+Load XML library and Parse the first web page that we want to scrap
library(XML)
u= "http://stackoverflow.com/questions/tagged/r?page=1&sort=active&pagesize=50"
doc = htmlParse(u)
There are two ways of getting the HTML code: + First method: after we call the function htmlParse on the u text contatining the website URL, we do the following step in R:
> doc
<html itemscope itemtype="http://schema.org/QAPage">
<head>
<title>Recently Active 'r' Questions - Page 1 - Stack Overflow</title>
<link rel="shortcut icon" href="//cdn.sstatic.net/stackoverflow/img/favicon.ico?v=4f32ecc8f43d">
....
_qevents.push({ qacct: "p-c1rF4kxgLUzNc" });
</script>
</body>
</html>
+Second method is more convenient because we can separate R code and html into different places. Open the website in browser(Chrome, in my case). Right mouse click on the page > View Page Source. Then copy the html code to editor.
However, skimming through thousands of lines of html code is not a good idea to find the class containing the information of who posted question. I used the following trick to get the job done faster.
Keep looking for many users who posted the question. I realize that most of the questions of the first page having the following formats:
<div class="user-details">
<a href="/users/149223/ira-cooke">Ira Cooke</a><br>
- Second:
<div class="user-details">
<a id="history-927358" href="/posts/927358/revisions" title="show revision history for this post">
35 revs, 20 users 29%<br></a><a href="/users/63550">Peter Mortensen</a>
Therefore, I create a node that go into /class user-details, then go into any class /a contains href attribute to search a word '/users/'
> who = getNodeSet(doc, "//div[@class = 'user-details']//a[contains(@href,'/users/')]")
> who=sapply(who, function(who) xmlValue(who))
> length(who)
[1] 50
> who[1:10]
[1] "Pork Chop" "javlacalle" "eipi10" "sparkle"
[5] "ialm" "Jordan Browne" "Jordan Browne" "SimonB"
[9] "C8H10N4O2" "Richard Scriven"
Even though we are able to extract exact 50 persons who posted questions on the first page, there is a huge problem that I get after repeat the whole process many times. Sometimes we get only 49 persons out of 50. Where is the cause of this?

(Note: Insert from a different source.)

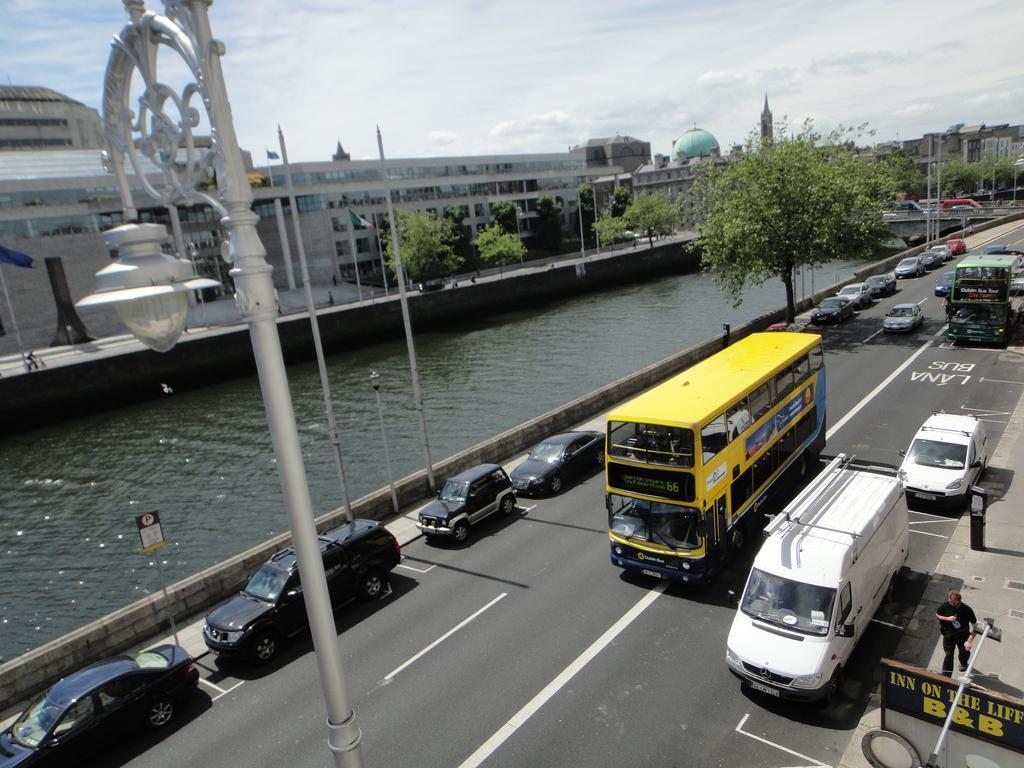 Inn On The Liffey Guesthouse Dublin Kamer foto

<div class="user-details">
anon<br>
</div>
It turns out that the stackoverflow allows anonymous posting the questions. To solve this problem I go to the parent node with the /class 'started fr'
> who = getNodeSet(doc, "//div[@class = 'started fr']")
> length(who)
[1] 50
From there, I find++ where the anonymous poster is, then return the index of those anonoymous.++ After that, we extract all information of who posted questions as the above method into a who vector. Then we insert "anonymous" into who vector at where the anonymous index locates.

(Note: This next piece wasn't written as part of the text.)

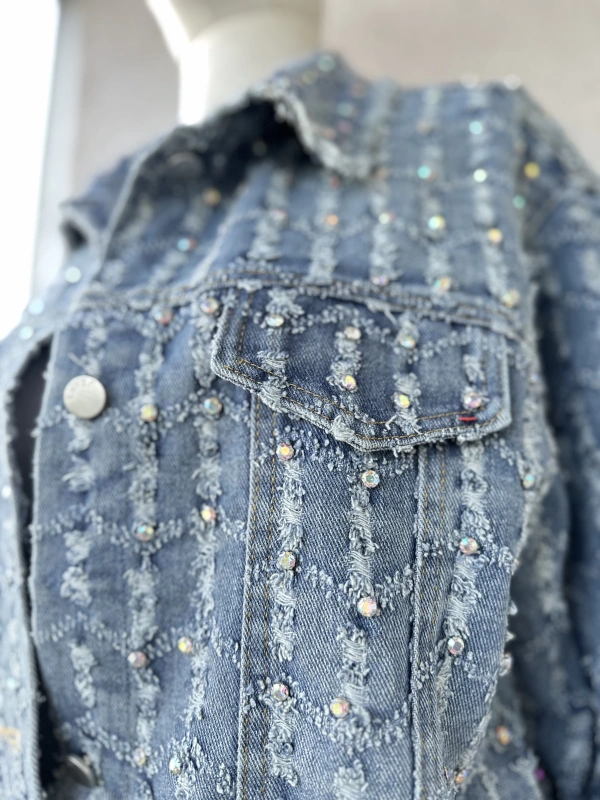Taş İşlemeli Saçaklı Denim Ceket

> wwwwwwwwwho = getNodeSet(doc, "//div[@class = 'started fr']")
> index= 1:length(who)
> anon_index= which(sapply(who,function(who) is.na(xmlValue(getNodeSet(who,".//div[@class = 'user-details']//a[contains(@href,'/users/')]")[1][[1]]))))
> if (length(anon_index) == 0){
+ who = getNodeSet(doc, "//div[@class = 'user-details']//a[contains(@href,'/users/')]")

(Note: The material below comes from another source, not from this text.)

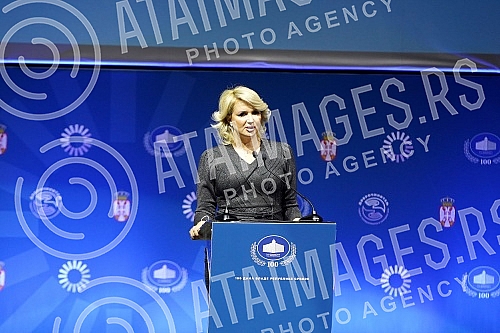 Summarizing the results of the first 100 days of the government was preceded by the awarding of the Benefactor Award, for some of the many humanitarian feats that marked the previous year 2020, which was declared the Year of Solidarity at the proposa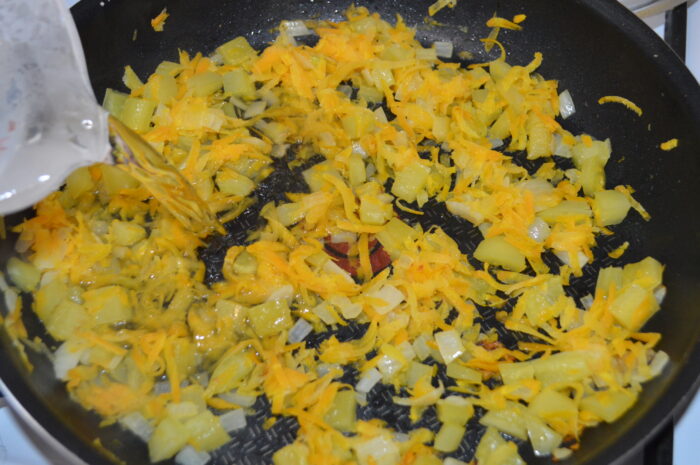 Turnati apa in tigaie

+ who=sapply(who, function(who) xmlValue(who))
+ }else{
+ who = getNodeSet(doc, "//div[@class = 'user-details']//a[contains(@href,'/users/')]")
+ who=sapply(who, function(who) xmlValue(who))
+ index= index[-anon_index]
+ who = data.frame(index=index, who = who)
+ anon= data.frame(index=anon_index,who= "anonymous")
+ who = rbind(who,anon)
+ who= who[order(who$index),2]
+ }
> length(who)
[1] 50
Check:
> who[1:10]
[1] "Pork Chop" "javlacalle" "eipi10" "sparkle"
[5] "ialm" "Jordan Browne" "Jordan Browne" "SimonB"
[9] "C8H10N4O2" "Richard Scriven"
> when = getNodeSet(doc,"//div[@class = 'user-action-time']/a/span")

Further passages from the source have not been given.